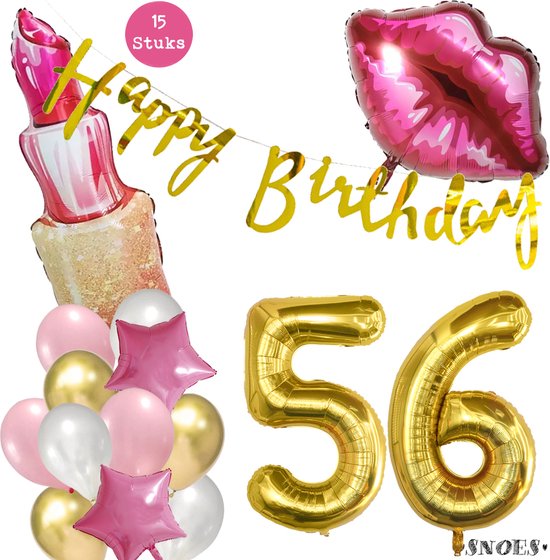 Snoes Beauty Helium Ballonnen Set 56 Jaar - Roze Folieballonnen - Slinger Happy Birthday Goud
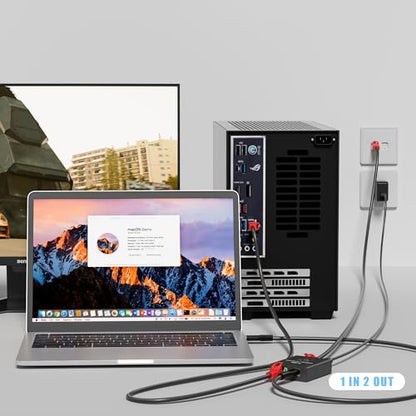 USB-C to 2x RJ45 Ethernet Splitter, Gigabit LAN Adapter, 1Gbps, for MacBook to Ethernet - style: Ethernet Splitter (RJ45+USB-C)
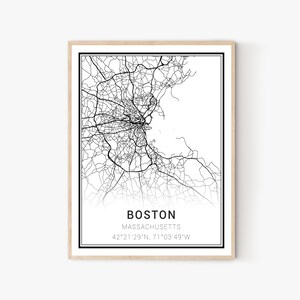 Boston Map Print | Massachusetts City Maps, Boston City Map Print, Boston Print, Boston Wall Art, Boston Canvas Art, Home Office Wall Decor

^^^^^^^^^^^^^^^^

* What you should do
Copy, exactly and exclusively, the lines beginning with the one that contains "USB-C to 2x" and ending with the last line of the listing; pictures are to be omitted.

* Response area
 USB-C to 2x RJ45 Ethernet Splitter, Gigabit LAN Adapter, 1Gbps, for MacBook to Ethernet - style: Ethernet Splitter (RJ45+USB-C)
 Boston Map Print | Massachusetts City Maps, Boston City Map Print, Boston Print, Boston Wall Art, Boston Canvas Art, Home Office Wall Decor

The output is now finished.